## DATA RECORDS

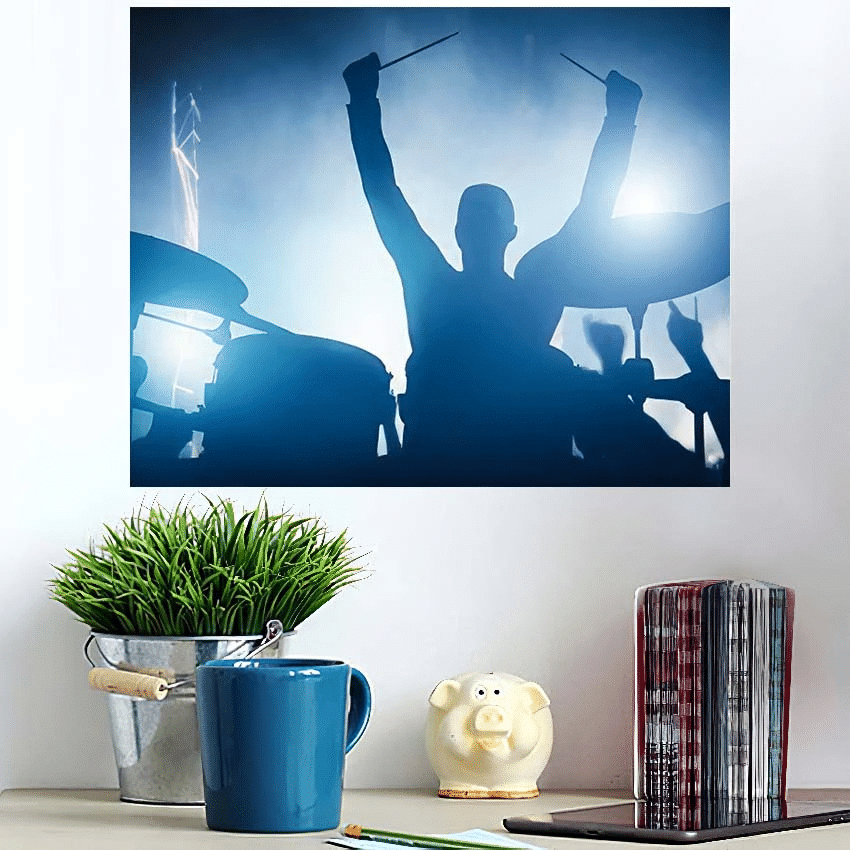 Drummer Playing On Drums Music Concert - Drum Music Poster Art Print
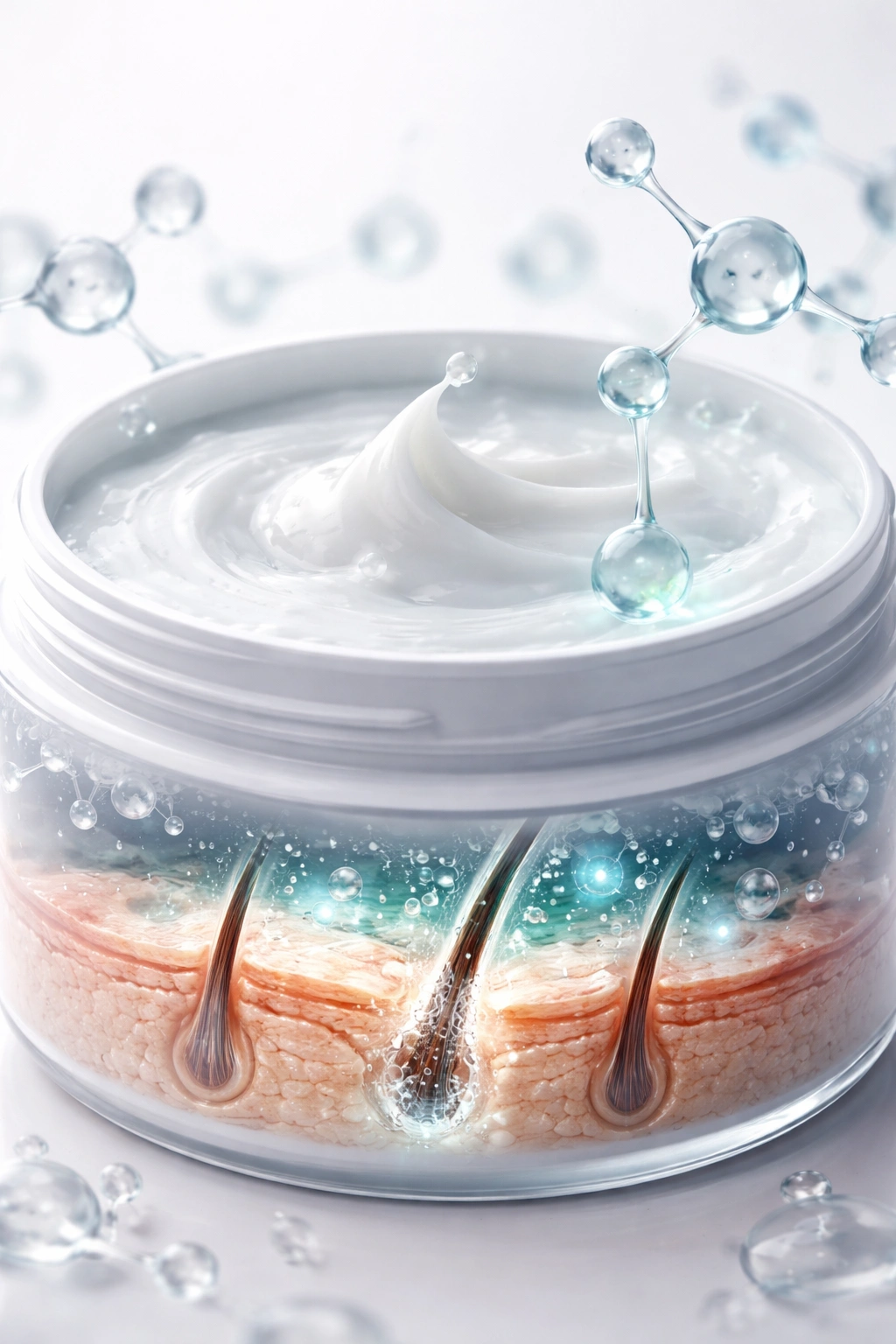 Close-up cross-section of a plain cosmetic jar showing cream with abstract molecular structures
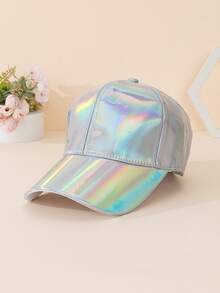 1pc Unisex Silver Holographic Pu Material Waterproof & Windproof & Cool Baseball Cap, Suitable For Daily Wear - Multicolor - View 1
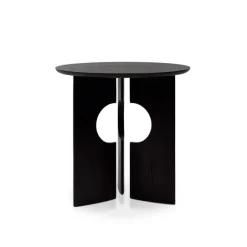 Table D'Appoint Cove En Teck Noir Verni - O 50 Cm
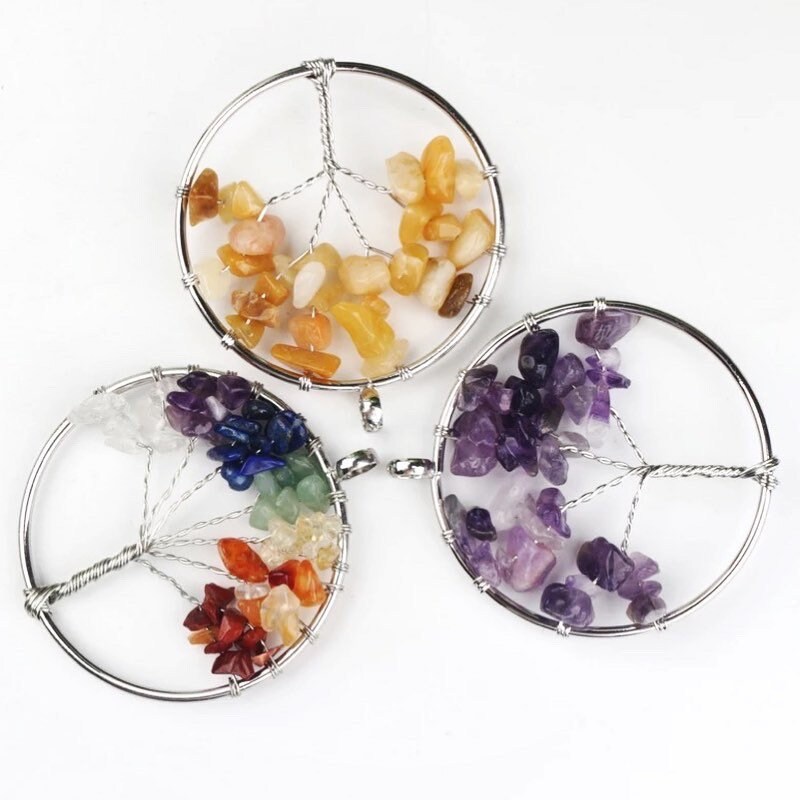 Crystal Tree of Life | Pendant | Necklace | Natural Gemstones | Wire Wrapped Jewelry | Chakra | Gift Crystal Eyes It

## EXERCISE
Nothing but the lines from the one containing "Close-up cross-section of" to the last line of the records should be returned, exactly as they appear and without pictures.

## ANSWER TO THE PROBLEM
 Close-up cross-section of a plain cosmetic jar showing cream with abstract molecular structures
 1pc Unisex Silver Holographic Pu Material Waterproof & Windproof & Cool Baseball Cap, Suitable For Daily Wear - Multicolor - View 1
 Table D'Appoint Cove En Teck Noir Verni - O 50 Cm
 Crystal Tree of Life | Pendant | Necklace | Natural Gemstones | Wire Wrapped Jewelry | Chakra | Gift Crystal Eyes It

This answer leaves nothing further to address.